While we’ve been on the festival circuit we’ve seen some great shorts like: Never Ever Open It, The Legend Of Beaver Dam, All Men Are Called Robert, Relationship Crates, My Itchy Eye. And I love the Pixar short Presto for a bit of Looney Tunes meets CGI magic.

Who are some actors you would love to work with?
As with directors, the list is too long, so let’s just stick with one: Toby Jones. He is a chameleon, being able to slip effortlessly between playing the creepy sliminess of Percy in Tinker Tailor Solider Spy to the comic genius of the Dream Lord in an episode of Doctor Who. I’d love to create a character with him.

What have been the biggest obstacles for you in your career?
Time – there is never enough of it.

What is your ultimate goal as a filmmaker?
To become Peter Jackson. I admire his career path from the splatter horror of Bad Taste to the epic majesty of The Lord of the Rings via the infected muppet mayhem of Meet the Feebles. He has created his own film industry down in New Zealand with the same filmic family he has grown up with. I’d love to create my own studio where I had to ability to tell any insane story I wanted and be able to support other people’s crazy ideas.

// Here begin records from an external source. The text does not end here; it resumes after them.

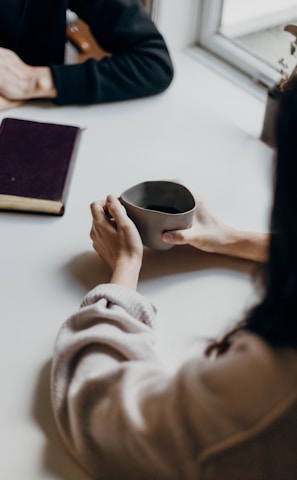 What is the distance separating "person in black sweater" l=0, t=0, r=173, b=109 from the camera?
1.30 meters

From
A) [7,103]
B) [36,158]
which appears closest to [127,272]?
[36,158]

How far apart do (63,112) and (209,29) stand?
1.73ft

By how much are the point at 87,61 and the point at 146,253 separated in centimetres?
51

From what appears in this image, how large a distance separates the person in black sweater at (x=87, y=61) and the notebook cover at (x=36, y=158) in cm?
13

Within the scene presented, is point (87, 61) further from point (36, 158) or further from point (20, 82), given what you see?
point (36, 158)

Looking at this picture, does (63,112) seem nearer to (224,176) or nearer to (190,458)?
(224,176)

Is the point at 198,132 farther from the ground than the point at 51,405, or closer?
farther from the ground

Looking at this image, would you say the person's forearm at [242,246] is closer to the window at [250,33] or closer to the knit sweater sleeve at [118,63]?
the knit sweater sleeve at [118,63]

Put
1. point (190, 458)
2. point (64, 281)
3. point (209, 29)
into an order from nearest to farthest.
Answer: point (190, 458) → point (64, 281) → point (209, 29)

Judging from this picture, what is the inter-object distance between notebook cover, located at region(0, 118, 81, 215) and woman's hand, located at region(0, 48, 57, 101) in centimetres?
11

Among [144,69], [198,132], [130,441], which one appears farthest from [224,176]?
[130,441]

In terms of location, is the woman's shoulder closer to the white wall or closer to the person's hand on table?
the person's hand on table

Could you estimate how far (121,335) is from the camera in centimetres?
79

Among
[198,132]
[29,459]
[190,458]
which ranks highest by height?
[198,132] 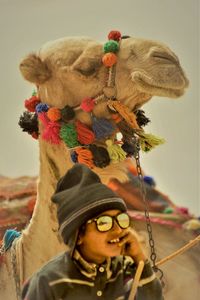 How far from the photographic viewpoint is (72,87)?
3.85 ft

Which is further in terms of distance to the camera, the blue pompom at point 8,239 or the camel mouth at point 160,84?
the blue pompom at point 8,239

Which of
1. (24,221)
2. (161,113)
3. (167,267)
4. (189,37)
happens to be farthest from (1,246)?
(189,37)

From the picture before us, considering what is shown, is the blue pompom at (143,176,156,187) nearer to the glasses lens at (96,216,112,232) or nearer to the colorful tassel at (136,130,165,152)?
the colorful tassel at (136,130,165,152)

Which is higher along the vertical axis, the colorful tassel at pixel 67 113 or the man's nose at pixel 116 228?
the colorful tassel at pixel 67 113

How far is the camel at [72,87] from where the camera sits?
1.10m

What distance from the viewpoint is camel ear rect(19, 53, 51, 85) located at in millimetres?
1149

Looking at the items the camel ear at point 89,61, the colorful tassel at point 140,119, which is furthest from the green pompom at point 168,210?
the camel ear at point 89,61

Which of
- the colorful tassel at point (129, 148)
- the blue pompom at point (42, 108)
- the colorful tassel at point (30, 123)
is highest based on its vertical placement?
the blue pompom at point (42, 108)

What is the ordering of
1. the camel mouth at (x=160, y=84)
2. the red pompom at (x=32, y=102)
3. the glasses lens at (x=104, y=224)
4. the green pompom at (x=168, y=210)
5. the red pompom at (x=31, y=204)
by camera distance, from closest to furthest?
the glasses lens at (x=104, y=224)
the camel mouth at (x=160, y=84)
the red pompom at (x=32, y=102)
the red pompom at (x=31, y=204)
the green pompom at (x=168, y=210)

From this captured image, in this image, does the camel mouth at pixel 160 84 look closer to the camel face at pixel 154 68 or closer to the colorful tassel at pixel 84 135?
the camel face at pixel 154 68

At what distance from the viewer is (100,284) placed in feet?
2.57

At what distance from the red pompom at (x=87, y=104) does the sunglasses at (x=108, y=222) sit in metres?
0.40

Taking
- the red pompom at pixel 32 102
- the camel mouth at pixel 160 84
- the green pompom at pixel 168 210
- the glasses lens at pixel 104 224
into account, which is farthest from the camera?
the green pompom at pixel 168 210

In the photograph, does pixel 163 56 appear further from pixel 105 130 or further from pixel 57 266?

As of now, what would you say has been the biggest highlight of your career?
When The Furred Man aired on UK television on Channel 4. It all happened so quickly. We sent the film in, it got picked up and we received an email a week before it aired saying you’ll be showing on Saturday night between Alien Vs Predator and The Rocky Horror Picture Show. I always keep my ego in check and my feet firmly on the ground as I’m only a filmmaker, but hearing my name read out on national television, before something I’d work so hard on aired, was an enormous shot in the arm. People I’d known all my life suddenly turned round and said “So you’re a filmmaker.” And I’d say, “Yes, I’ve been doing it for twelve years!”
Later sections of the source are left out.